DESCRIPTION OF THE TASK
Each record should be given again exactly as it appears, with no image included.

(DATA SECTION)

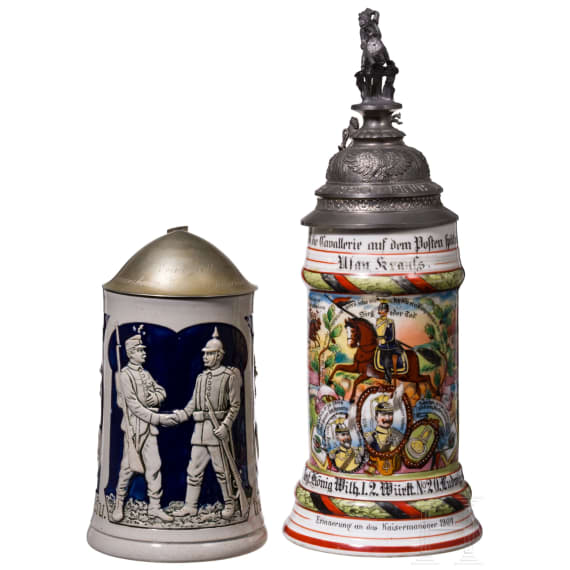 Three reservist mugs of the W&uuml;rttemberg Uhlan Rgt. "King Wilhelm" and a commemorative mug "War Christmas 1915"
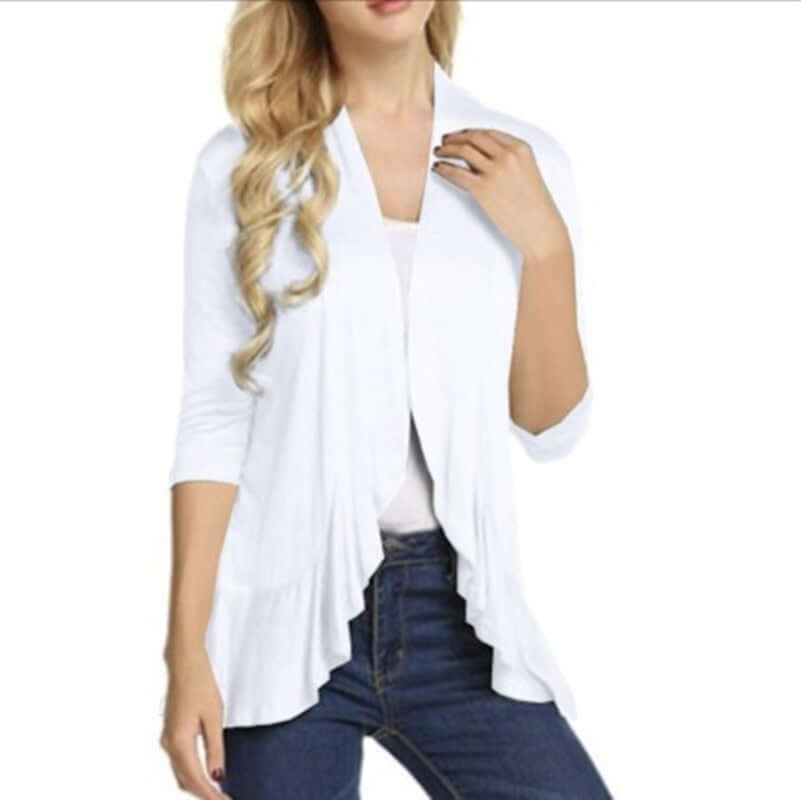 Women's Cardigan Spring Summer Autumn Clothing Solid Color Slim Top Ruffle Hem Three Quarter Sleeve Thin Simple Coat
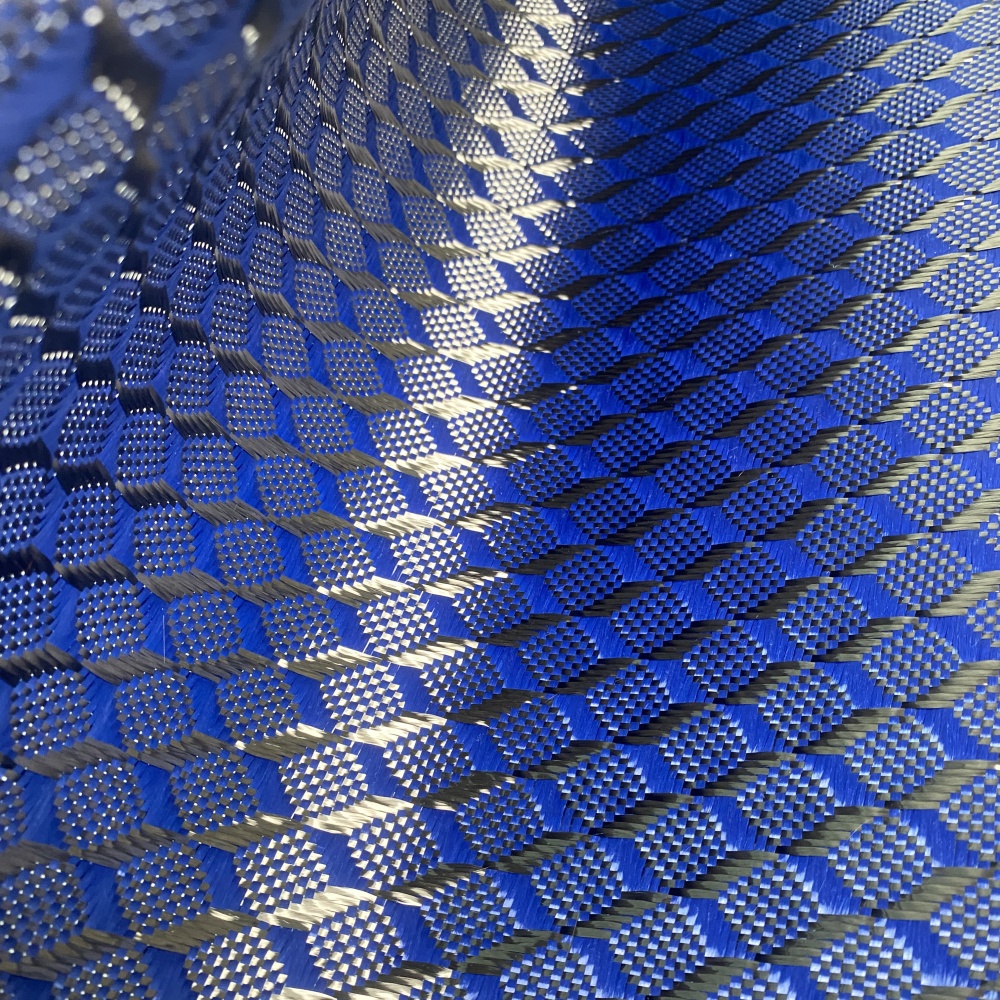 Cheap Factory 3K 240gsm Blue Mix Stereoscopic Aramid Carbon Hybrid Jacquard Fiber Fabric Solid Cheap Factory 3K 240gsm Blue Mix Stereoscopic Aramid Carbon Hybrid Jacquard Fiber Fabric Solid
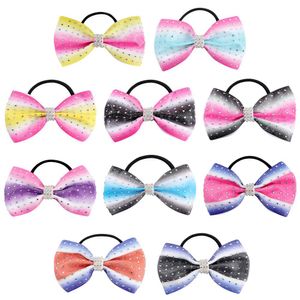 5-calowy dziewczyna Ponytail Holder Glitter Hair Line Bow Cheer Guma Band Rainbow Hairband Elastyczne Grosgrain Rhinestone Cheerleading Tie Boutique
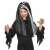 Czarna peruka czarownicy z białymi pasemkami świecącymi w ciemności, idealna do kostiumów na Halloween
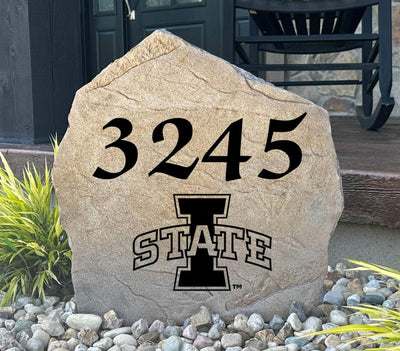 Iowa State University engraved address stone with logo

(End DATA SECTION)

SOLVED EXERCISE
 Three reservist mugs of the W&uuml;rttemberg Uhlan Rgt. "King Wilhelm" and a commemorative mug "War Christmas 1915"
 Women's Cardigan Spring Summer Autumn Clothing Solid Color Slim Top Ruffle Hem Three Quarter Sleeve Thin Simple Coat
 Cheap Factory 3K 240gsm Blue Mix Stereoscopic Aramid Carbon Hybrid Jacquard Fiber Fabric Solid Cheap Factory 3K 240gsm Blue Mix Stereoscopic Aramid Carbon Hybrid Jacquard Fiber Fabric Solid
 5-calowy dziewczyna Ponytail Holder Glitter Hair Line Bow Cheer Guma Band Rainbow Hairband Elastyczne Grosgrain Rhinestone Cheerleading Tie Boutique
 Czarna peruka czarownicy z białymi pasemkami świecącymi w ciemności, idealna do kostiumów na Halloween
 Iowa State University engraved address stone with logo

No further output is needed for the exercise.